→ Data to examine:
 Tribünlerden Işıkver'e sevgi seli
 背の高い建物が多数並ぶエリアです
==
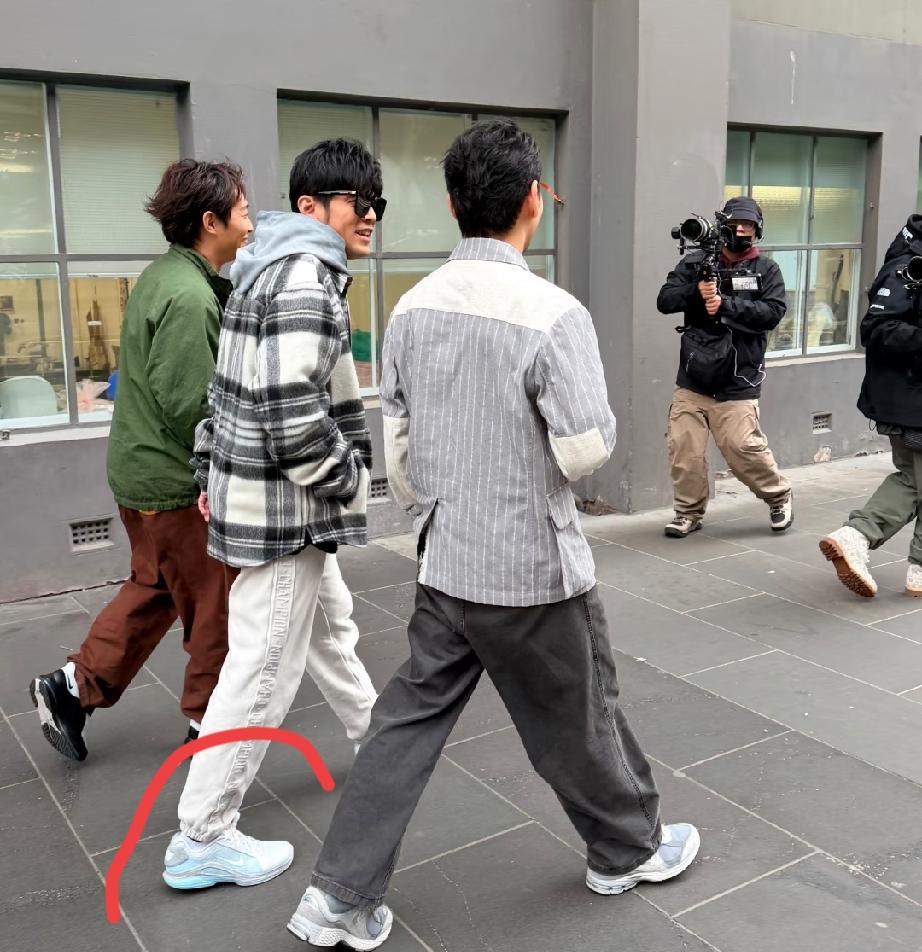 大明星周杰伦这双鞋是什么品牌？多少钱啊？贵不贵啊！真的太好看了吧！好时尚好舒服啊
---
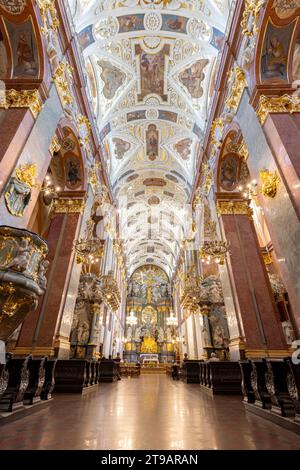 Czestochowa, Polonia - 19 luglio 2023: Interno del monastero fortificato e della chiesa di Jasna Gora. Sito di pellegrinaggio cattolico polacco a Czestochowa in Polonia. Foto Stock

→ What to do: I'd like the lines above from the one with "Tribünlerden Işıkver'e sevgi seli" up to and including the one with "背の高い建物が多数並ぶエリアです" copied exactly, with no other lines.

→ Solution below:
 Tribünlerden Işıkver'e sevgi seli
 背の高い建物が多数並ぶエリアです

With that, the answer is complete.